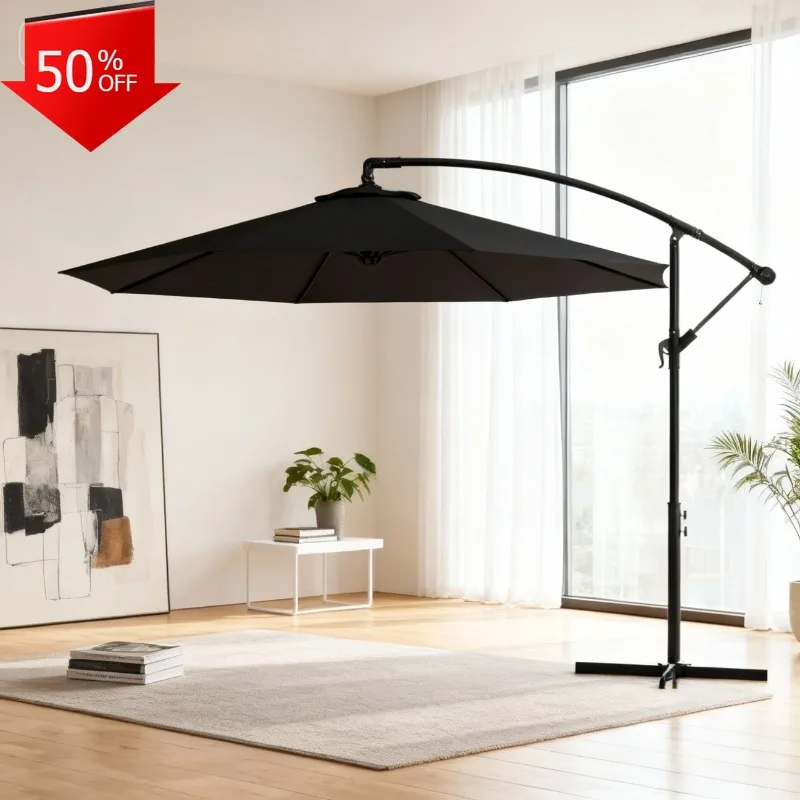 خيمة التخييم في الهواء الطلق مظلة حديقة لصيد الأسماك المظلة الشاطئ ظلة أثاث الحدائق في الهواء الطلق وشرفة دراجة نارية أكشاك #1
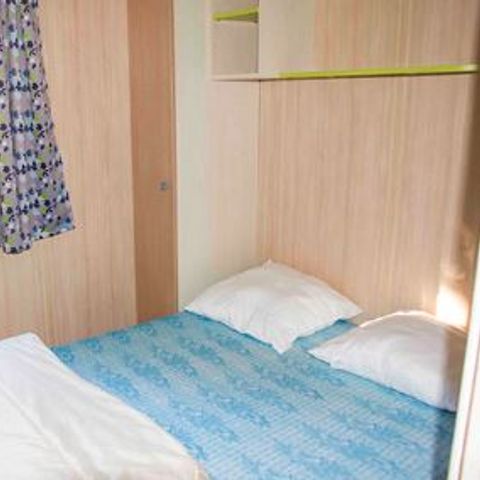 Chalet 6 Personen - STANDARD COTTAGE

* * *

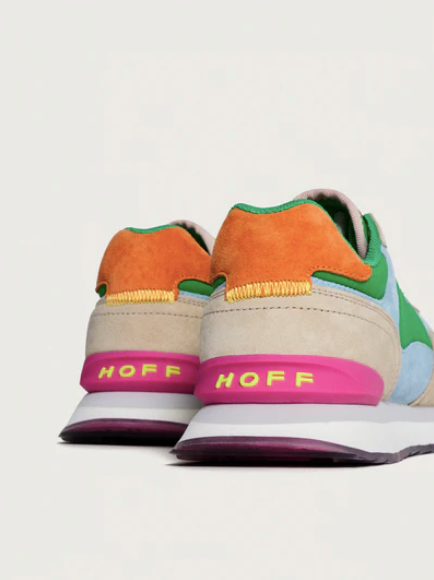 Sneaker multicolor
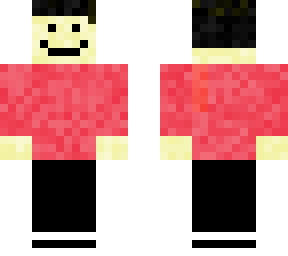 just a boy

» TASK DESCRIPTION: Pictures excluded, give again exactly and only the lines of the material above from the line with "خيمة التخييم في" through the line with "Chalet 6 Personen - STANDARD COTTAGE".

» EXPECTED ANSWER:
 خيمة التخييم في الهواء الطلق مظلة حديقة لصيد الأسماك المظلة الشاطئ ظلة أثاث الحدائق في الهواء الطلق وشرفة دراجة نارية أكشاك #1
 Chalet 6 Personen - STANDARD COTTAGE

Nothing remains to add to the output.